I froze all night in the air/con car. Sometime around the time we stopped in Chumphon I remembered there was an extra blanket we had stolen wedged under my pillow. The next hour or two of sleep was much more comfortable and then we were woken up by our extremely flamboyant train steward who started waving his hands around at us, wanting to make our bunks back into benches.

The train dropped us off in Surat Thani and we were herded away based on the color stickers we were wearing. We were loaded onto a shuttle bus that took us to the bus station, and then loaded onto a bigger bus which brought us to a travel agent across the street from a pier. It wasn't the Krabi pier we had visited previously, but we were still under the assumption that a ferry was going to be taking us to Koh Lanta. As we were dropped off at the travel agent someone told us to meet back at this spot at 1:00, so having some time to kill, we set off for a walk around Krabi Town.

We walked into some shops and bought some walking beers and found the Krabi Town crabs.

When we returned at one we were a little puzzled when we were loaded onto a minivan when there was a pier right across the street. Maybe this shuttle was taking us to the ferry station we had been to before. We drove for about half an hour and then stopped to pick up some of the driver's friends. By that point the minivan was becoming incredibly cramped with four people to each row. I pulled up Google maps on my phone and watched as our little blue dot slowly moved south. We weren't taking a ferry to Koh Lanta from Krabi, we were driving all the way south to the crossing point. Lesson #1 I've learned about traveling over the years: Be flexible because nothing ever goes as planned.

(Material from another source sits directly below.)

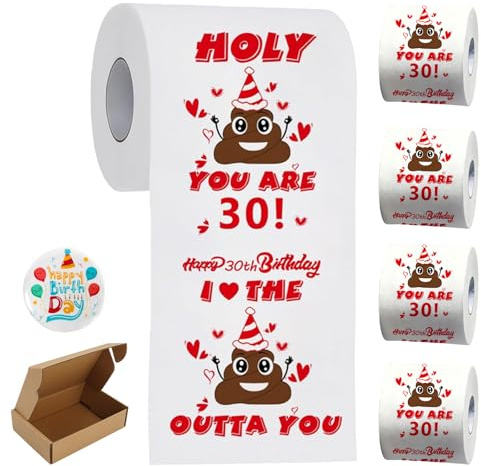 Lustige Toilettenpapierrollen zum 30. Geburtstag, Geschenke zum 30. Geburtstag, für Damen und Herren, fröhlicher Streich-Toilettenpapier, 30. Geburtstag, Dekoration, Partyzubehör, 3 Schichten, 4 Stück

Far too many hours later we drove onto a car barge and crossed over from the mainland to Koh Lanta Noi. Shortly after we drove onto a second car barge and made the crossing from Koh Lanta Noi over to Koh Lanta Yai. The good news was that the shuttle actually dropped us off at our resort, Crown Lanta, which was the first down the line. Checking in turned out to be a bit of a hassle. As had happened multiple times before when traveling with three people, for some reason the reservation was only showing up for two because there had never been an option on the website to make the reservation for three. So we went through the process of paying the extra fee to have an extra person in our room and finally were escorted in a little vehicle up a hilly path to our room.

We wasted no time in stripping down to our bathing suits and beelining it for the pool bar. They had an impressive cocktail menu and a two for one happy hour to sweeten the deal, so we sat and visited and drank some sort of coconut concoction out of the actual fruit followed by Mai Thais until the sun was setting and the pool was too masked in shade to stay warm any longer. Some new British friends we had made let us know that as the pool's happy hour was ending, happy hour was starting down at the hotel's reggae bar. Happy with that information we went back to the room to change into dry clothes and made our way down to the beach where the reggae bar was situated.

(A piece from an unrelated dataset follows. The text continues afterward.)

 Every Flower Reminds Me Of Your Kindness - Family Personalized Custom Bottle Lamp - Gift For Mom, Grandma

The reggae bar was not what I was expecting, but ended up being a great place to sit and chill as the hours crept away. Each table was situated in it's own private bamboo room, the tables were low to the ground, and the bamboo floor was splattered with cushions to sit on. The vegetarian options on the menu ended up being limited and nothing to brag about, but the cocktails were fantastic. Something called Cliff and Rock was concocted out of gin, banana liquor, and mango and lemon juice, which sounds a little odd but I couldn't get enough of them. The British couple we had met at the pool joined us after a little while and we spent an enjoyable evening visiting and sharing travel adventures.  The evening slowly faded away until Fletch, remembering it was Wednesday left to do his weekly work from his computer. Our new friends eventually said goodnight as well, having to be up early the next morning to leave the island.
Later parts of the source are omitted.